The Chest Clinic building lies on the north side of Great Charles Street, next to the University College Birmingham, formerly the College of Catering and Food, and faces the extension to the Birmingham Museum and Art Gallery on the south side of the road. It was originally planned and built to house out patient tuberculosis medical services, the laboratories of the City Analyst and of the City Bacteriologist which before then had been on different sites.
The first tuberculosis clinic in Birmingham opened in 1911, ten years before an Act of Parliament was passed requiring all County Councils and Boroughs to provide treatment for people suffering from the disease. It was at 44 Broad Street in a building rented from the Water Department and shared with the City Analyst. The City Bacteriologist was at Lodge Road Hospital. In the late 1920s, the Water Department needed full use of their buildings again and wanted the TB Clinic and City Analyst to move, and Lodge Road Hospital required the City Bacteriologist to move too.

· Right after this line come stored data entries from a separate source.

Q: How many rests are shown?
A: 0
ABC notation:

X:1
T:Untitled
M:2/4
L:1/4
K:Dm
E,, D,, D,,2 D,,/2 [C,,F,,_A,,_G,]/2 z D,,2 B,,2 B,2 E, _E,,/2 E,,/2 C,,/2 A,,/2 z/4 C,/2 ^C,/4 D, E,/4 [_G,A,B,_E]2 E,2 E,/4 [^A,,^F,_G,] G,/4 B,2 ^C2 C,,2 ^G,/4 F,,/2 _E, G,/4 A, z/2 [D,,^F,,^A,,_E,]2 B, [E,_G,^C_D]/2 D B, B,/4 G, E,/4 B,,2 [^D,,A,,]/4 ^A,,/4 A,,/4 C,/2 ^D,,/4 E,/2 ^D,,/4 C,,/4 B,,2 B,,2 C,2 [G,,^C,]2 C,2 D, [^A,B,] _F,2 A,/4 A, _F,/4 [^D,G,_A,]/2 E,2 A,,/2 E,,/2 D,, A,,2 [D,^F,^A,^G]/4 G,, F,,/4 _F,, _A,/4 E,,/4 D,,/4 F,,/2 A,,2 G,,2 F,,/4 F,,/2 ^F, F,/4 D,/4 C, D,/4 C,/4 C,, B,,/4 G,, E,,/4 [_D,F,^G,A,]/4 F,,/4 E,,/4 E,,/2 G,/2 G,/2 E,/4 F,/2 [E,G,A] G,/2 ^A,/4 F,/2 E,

The City’s Public Health Committee decided that a new building to house these three services was required. The site was acquired in 1929 at a cost of £10.00 per square yard, totalling £8430.00. The building, of a stripped classical style faced in Portland stone over a steel framework was designed by the architects Frank J. Osborne and built by T. Elvins & Sons Limited. It backed on to an extension of the nearby Birmingham and Fazeley Canal which was filled in at the same time as the building works, but as a separate project.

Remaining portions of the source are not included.